The bill directs funding of the Nuclear Energy Research Initiative (NERI) program at $60 million to continue funding for existing projects as well as new awards to address barriers to expanded use of nuclear energy.
It would implement follow-on R&D on advanced reactor concepts and fuel technology for earlier NERI projects that have completed the initial phase of research and judged to have high potential for success.
It would fund the Nuclear Energy Plant Optimization program at $10 million to continue public/private cost-shared R&D to manage the long-term effects of plant aging and improve reliability and productivity of the nation’s 103 operating nuclear power plants.
The bill said at $10 million/year, most critical R&D can be completed in 7 years, enabling the program to end.
It would fund the Nuclear Energy Technology Development program at $25 million to complete Generation IV activities and to develop an R&D roadmap that will guide development of advanced reactor designs. It authorizes $50 million/year for FY 2001-2015 to increase emissions-free generation at existing nuclear reactors by making incentive payments of one mill/kw-hr produced in excess of the previous year. Payments would be capped at $2 million/plant/year, for up to 15 years.
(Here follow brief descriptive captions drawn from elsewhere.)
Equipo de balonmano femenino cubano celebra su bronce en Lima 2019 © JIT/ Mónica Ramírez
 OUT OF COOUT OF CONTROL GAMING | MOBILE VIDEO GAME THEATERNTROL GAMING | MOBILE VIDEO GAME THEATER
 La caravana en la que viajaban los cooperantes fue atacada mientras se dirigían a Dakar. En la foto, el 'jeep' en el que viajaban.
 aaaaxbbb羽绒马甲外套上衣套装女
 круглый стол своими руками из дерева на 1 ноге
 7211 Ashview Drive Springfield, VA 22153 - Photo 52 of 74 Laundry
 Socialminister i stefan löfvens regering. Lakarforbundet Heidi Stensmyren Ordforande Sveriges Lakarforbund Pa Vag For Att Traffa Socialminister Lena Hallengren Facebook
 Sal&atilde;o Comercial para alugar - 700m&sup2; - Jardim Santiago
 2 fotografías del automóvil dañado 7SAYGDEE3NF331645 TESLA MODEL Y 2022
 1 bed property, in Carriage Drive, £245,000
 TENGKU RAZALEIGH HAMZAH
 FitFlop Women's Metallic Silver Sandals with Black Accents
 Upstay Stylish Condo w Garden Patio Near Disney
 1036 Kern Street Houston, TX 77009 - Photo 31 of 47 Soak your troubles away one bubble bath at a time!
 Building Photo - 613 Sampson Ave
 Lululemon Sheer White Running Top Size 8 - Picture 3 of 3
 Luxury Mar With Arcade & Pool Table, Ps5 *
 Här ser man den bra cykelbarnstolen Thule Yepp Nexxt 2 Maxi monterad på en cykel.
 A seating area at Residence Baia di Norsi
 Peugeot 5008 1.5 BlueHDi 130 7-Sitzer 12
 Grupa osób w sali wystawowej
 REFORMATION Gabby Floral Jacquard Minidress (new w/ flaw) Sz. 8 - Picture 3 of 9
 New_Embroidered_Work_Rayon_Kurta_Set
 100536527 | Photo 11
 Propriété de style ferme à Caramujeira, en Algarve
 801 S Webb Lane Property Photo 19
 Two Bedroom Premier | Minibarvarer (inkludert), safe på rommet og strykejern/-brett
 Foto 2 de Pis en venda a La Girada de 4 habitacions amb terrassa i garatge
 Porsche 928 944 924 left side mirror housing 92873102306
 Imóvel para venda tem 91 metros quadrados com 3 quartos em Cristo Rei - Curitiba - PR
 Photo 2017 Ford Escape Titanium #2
It authorizes $20 million/year to encourage existing nuclear reactors to make capital improvements directly related to improving efficiency of such facilities by at least 1%. Payments would be capped at 10% of the cost of improvement and no single facility could receive more than $1 million for improvements.
Electric power studies
The Interior Department and Army Corps of Engineers would study all dams and impoundments for additional hydroelectric production and report to Congress within 6 months. The study would look at efficiencies, cost reductions, and other improvements, including lease of power privilege.
The Nuclear Regulatory Commission must report within 6 months on the state of the nuclear industry, the potential for increased generation and production, and any improvements in licensing process.
And the Energy Department (DOE) must report annually on the availability and capacity of domestic generation to maintain the electricity grid, with evaluation of each region of the country on grid stability during peak periods. The study will propose actions to improve baseload generation and options to increase use of nonemitting sources and conservation.
DOE must report to Congress within 9 months on innovative financing techniques to encourage new electricity generation technologies.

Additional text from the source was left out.